Coding Recipes: Understanding basic office document manipulation

This post for anyone who wants to know on a very base level how office documents work regarding their xml structure.

So the first thing you should know is that all office documents are actually a collection of xml files. The names of the files and folders inside this collection can be different depending on what type of office document you are working with (word, powerpoint, excel, etc). However in this tutorial we are going to be working with a word document.

Opening a very basic word document using a decompression tool (I used WinRAR in this example) you will see the following contents.

the _rels folder contains all the relationship files. These relationships are used to map xml files together.

So if you go into the word folder you will see a few different xml files.

If you go inside the _rels folder you will find a corresponding xml file to document.xml called document.xml.rels.

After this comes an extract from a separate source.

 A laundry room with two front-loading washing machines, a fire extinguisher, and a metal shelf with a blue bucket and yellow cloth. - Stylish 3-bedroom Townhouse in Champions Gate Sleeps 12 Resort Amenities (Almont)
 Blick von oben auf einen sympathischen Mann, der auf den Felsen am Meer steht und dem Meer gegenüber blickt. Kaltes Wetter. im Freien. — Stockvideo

I added a chart to my document and you can see some new folders have been added. Opening document.xml you will see the following xml structure.

The main node is "document" and directly underneath this you can find the "body". This is the standard structure for this file. The body will mainly contain paragraphs (w:p) however there will be a few other nodes as you can see at the bottom there is a "w:sectPr" node. This is a section property node which contains information about the page (size, margin, columns, header, footer, etc). This node will always be found at the bottom of the body node. If you insert a section break inside your document then you will find other nodes like this inside the body node.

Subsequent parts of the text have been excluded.